Table of Contents
- What is Tirofiban Hydrochloride Monohydrate?
- Medical Conditions Treated
- How Tirofiban Works
- How Tirofiban is Administered
- Current Clinical Trial: The ATILA Project
- Eligibility for the ATILA Trial
- Potential Benefits of Tirofiban
- Precautions and Exclusion Criteria
What is Tirofiban Hydrochloride Monohydrate?
Tirofiban Hydrochloride Monohydrate is an active substance used in a medication called Agrastat[1]. It belongs to a class of drugs known as platelet aggregation inhibitors, which help prevent blood clots from forming[1]. Tirofiban is primarily used in the treatment of certain cardiovascular conditions, particularly those involving blood vessel blockages.
Medical Conditions Treated
Tirofiban is primarily used to treat acute ischemic stroke, a condition where blood flow to the brain is blocked, potentially causing damage to brain tissue[1]. Specifically, it’s being studied for use in patients with acute ischemic stroke due to a tandem lesion. A tandem lesion refers to a situation where there are two blockages: one in the neck (carotid) artery and another in a brain artery[1].
How Tirofiban Works
Tirofiban works by preventing platelets (small blood cells involved in clotting) from sticking together. This action helps to prevent the formation of blood clots or break down existing clots, which can improve blood flow to the brain in cases of ischemic stroke[1].
How Tirofiban is Administered
Tirofiban is given as a solution for intravenous infusion. This means it’s delivered directly into the bloodstream through a vein, usually in a hospital setting. The typical concentration is 50 micrograms per milliliter[1].
Current Clinical Trial: The ATILA Project
A clinical trial called the ATILA Project (Aspirin Versus Tirofiban in Endovascular Treatment for Patients With Acute Ischemic Stroke Due to Tandem Lesion) is currently underway to study the effectiveness of Tirofiban compared to aspirin in treating acute ischemic stroke caused by tandem lesions[1].
Main Objectives of the Trial:
- To assess the efficacy and safety of Tirofiban versus aspirin in patients with ischemic stroke due to tandem injury[1].
- To determine the rate of reocclusion (re-blockage of blood vessels)[1].
- To evaluate the rate of symptomatic bleeding, defined as any hemorrhagic transformation associated with a worsening of 4 or more points on the National Institutes of Health Stroke Scale[1].
Eligibility for the ATILA Trial
To participate in the ATILA trial, patients must meet certain criteria[1]:
- Have acute ischemic stroke of the anterior territory secondary to a tandem lesion
- Be indicated for thrombectomy treatment (a procedure to remove blood clots)
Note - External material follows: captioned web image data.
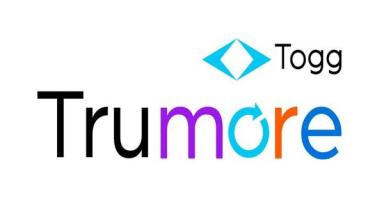 Togg, dijital platformunu Trumore adıyla kullanıma sundu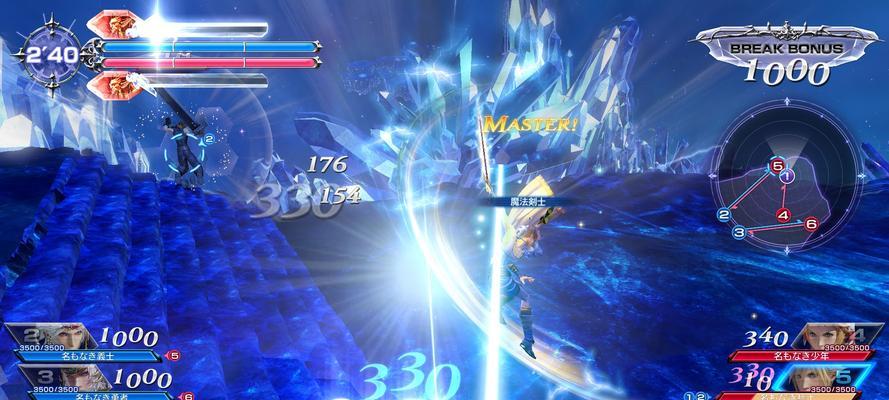 PSP《最终幻想-纷争》FF6主线怎么玩？详细流程攻略解析？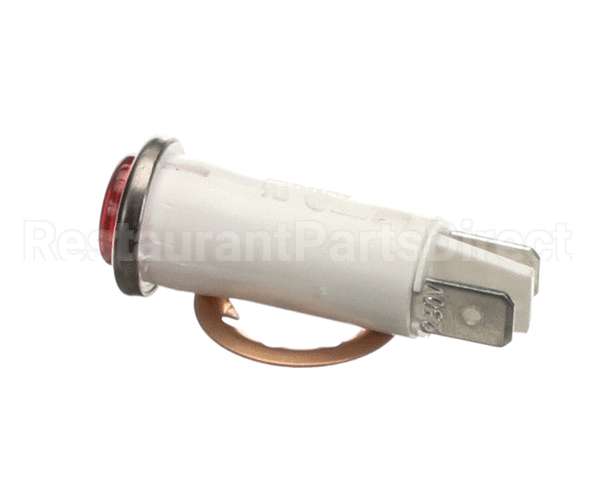 WC-203 Wilbur Curtis Light, Indicator Brew 220V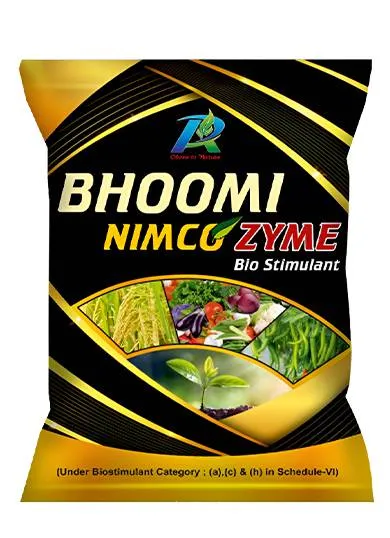 BHOOMI NIMCO ZYME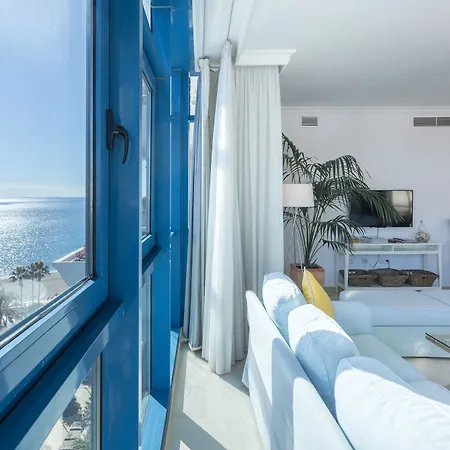 Playa Centro Appartement *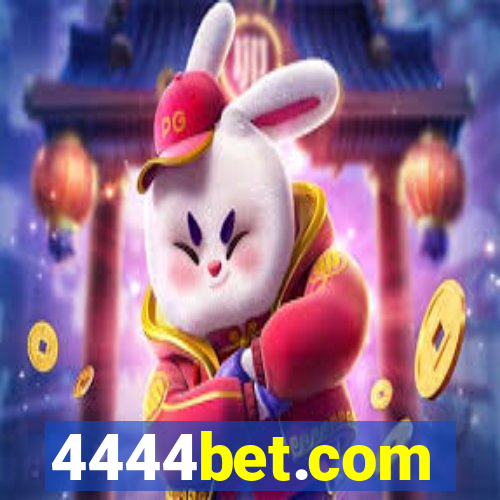 4444bet.com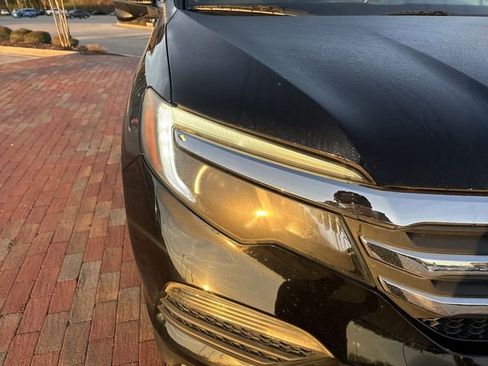 Used 2018 Honda Pilot EX-L image 20
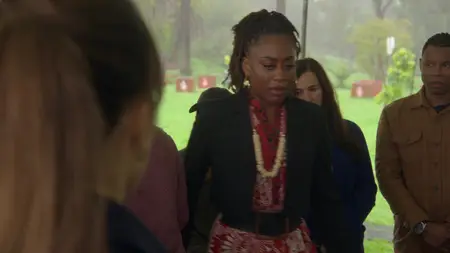 Good Trouble S05E12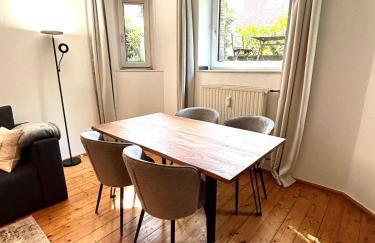 Sülzer Altbautraum - Foto 13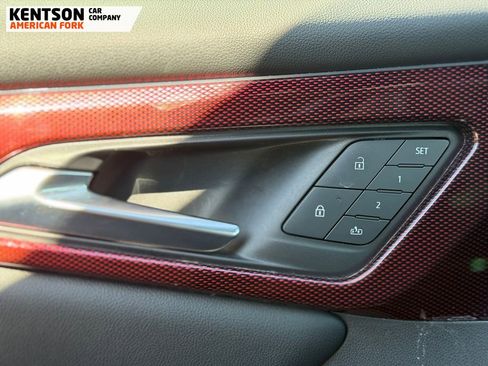 Used 2025 Chevrolet Traverse RS w/ LPO, Floor Liner Package image 24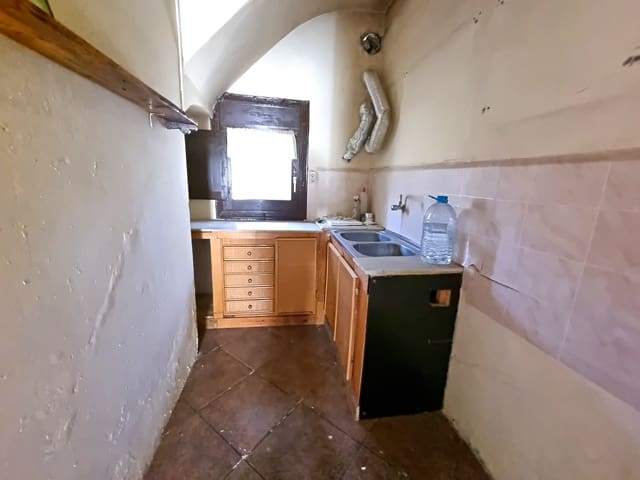 4 sovrum Hus till salu i Sant Quirze de Besora - 200 000 € (Ref: 9258246)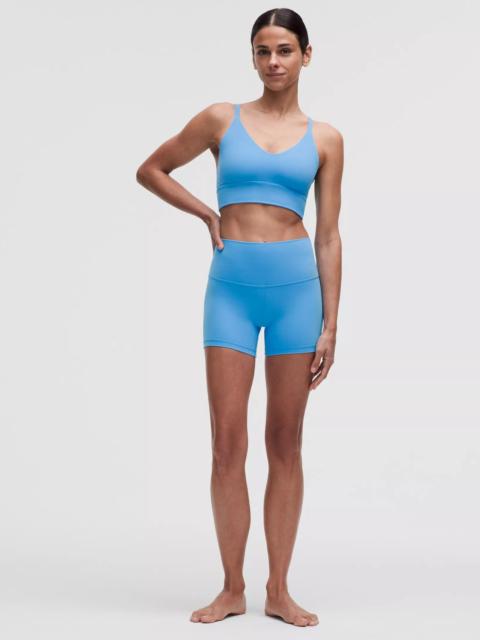 lululemon lululemon Align™ High-Rise Short 4"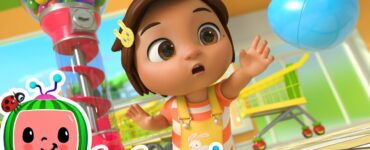 Discover the Fun Grocery Store Song for Kids with Cocomelon!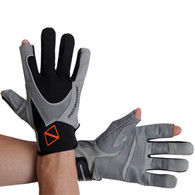 Magic Marine Pro Race Gloves Long Finger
- Need cervical stent placement
- Be 18 years or older
- Have an ASPECTS score (a measure of stroke severity) of 6 or higher
Potential Benefits of Tirofiban
The ATILA trial aims to determine if Tirofiban offers advantages over aspirin in treating acute ischemic stroke due to tandem lesions. Potential benefits being studied include[1]:
- Reduced rate of reocclusion (re-blockage of blood vessels)
- Improved functional outcomes at 90 days after treatment
- Reduced need for rescue therapy during the procedure
Precautions and Exclusion Criteria
Certain conditions may prevent a patient from using Tirofiban or participating in the ATILA trial. These include[1]:
- Documented allergy to Tirofiban or aspirin
- History of low platelet count (platelets <100,000)
- Current anticoagulant treatment
- High risk of bleeding
- Active peptic ulcer in the last 3 months
- Severe allergy to contrast medium
It’s important to discuss your full medical history with your healthcare provider to determine if Tirofiban is appropriate for you.